Cerebral small vessel disease (CSVD) refers to the pathological manifestations caused by the lesions of intracranial small vessels.[12] It can easily cause various impairments such as cognitive dysfunction, dementia, depression, micturition, and abnormal gait. The pathologically images are presented as the lacunar infarction, subcortical white matter lesions, cerebral hemorrhage, and microinfarction.[13] It has been reported[14] that the most common risk factors for arteriosclerotic CSVD are age, diabetes, and hypertension, of which hypertension is the most relevant. The status of cognitive function related to CSVD includes the severity of cognitive dysfunction at various stages from normal cognitive function to dementia, which is related to the type, location, and extension of lesion.[15] In clinical practice, the scales currently used in the evaluation of cognitive function are mainly mini-mental state examination (MMSE) and Montreal Cognitive Assessment Scale (MoCA). There is currently no unified neuropsychological scale suitable for sporadic CSVD cognitive impairment. Therefore, to further elaborate the characteristics of cognitive dysfunction caused by sporadic CSVD, and to establish a highly sensitive and operable predictive scale is one of directions of future researches on CSVD.
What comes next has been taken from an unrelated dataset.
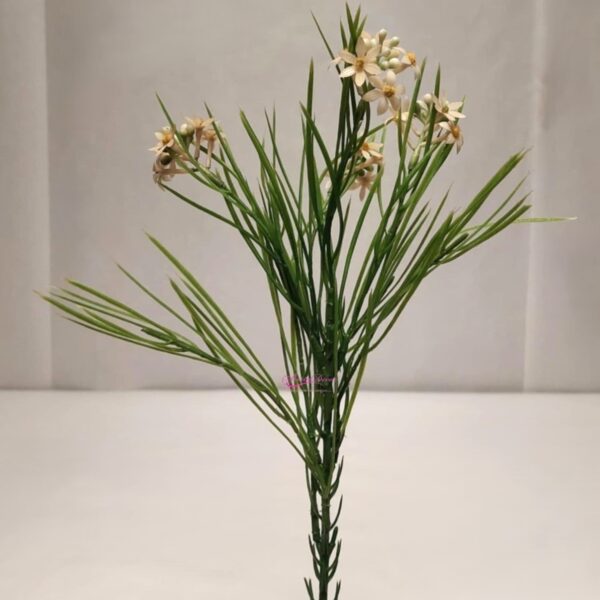 Zephyramthes Rosa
Cognitive dysfunction not only causes the patient's occupational and social abilities to decline or even be lost, it also causes heavy physical and mental stress to caregivers, and it also brings huge economic pressure to patients’ families and society.[16,17] According to statistical reports,[18] in China the cost of cognitive impairment can increase from US$ 47.2 billion in 2010 each year to US $69 billion in 2020. As a common disease of the elderly, AD and sporadic CSVD is manifested by chronic, progressive cognitive decline. Both AD and CSVD have neurological symptoms including chronic progressive cognitive impairment, dysfunction, and behavioral abnormalities.[19,20] And the patient's condition can progress significantly and its course usually ranges from 8 to 10 years.[21] It is necessary to take early measures to combat the progress of AD and sporadic CSVD. Therefore, we aimed to conduct this study to compare the characteristics of cognitive impairment of AD and sporadic CSVD, thereby providing evidences for the differential diagnosis and early treatments of AD and sporadic CSVD.
2. Methods
2.1. Ethical consideration
Our study had been approved by the ethics committee of our hospital (approval number: 20180920), and the written informed consents were obtained from all included participants.
2.2. Participants
AD or sporadic CSVD patients who were treated in the department of neurology of our hospital from December 1, 2018 to May 31, 2019 were included. The inclusion criteria were as following: the diagnoses of AD or sporadic CSVD complied with the clinical guidelines[22,23] of AD or sporadic CSVD; the degree of cognitive impairment was mild to moderate (13 < MMSE < 24); the patients signed the informed consents and were willing to inclusion for future follow-up. At the same period, we included those who came to our hospital for normal neuropsychology and head magnetic resonance imaging (MRI) examination as control group, the MMSEs of control groups were all >27. The exclusion criteria were as following: patients with family history of Alzheimer, a large area of cerebral infarction or cerebral hemorrhage or brain trauma; patient with a history of anxiolytic or antidepressant use; patients with diseases that can cause cognitive decline such as thyroid dysfunction, vitamin deficiency, Parkinson disease, multiple sclerosis.
2.3. Data collections
We firstly patients with AD or sporadic CSVD patients by searching the keywords of patients’ diagnosis in the medical record system, then 2 authors screened for the retrieved patients according to the inclusion and exclude standards. At the time of enrollment, we collected the related medical information from included participants, including the patient age, gender, the history of smoking, drinking. Furthermore, we detected and collected the current healthy status of participants including hypertension, diabetes, hyperlipidemia, homocysteine.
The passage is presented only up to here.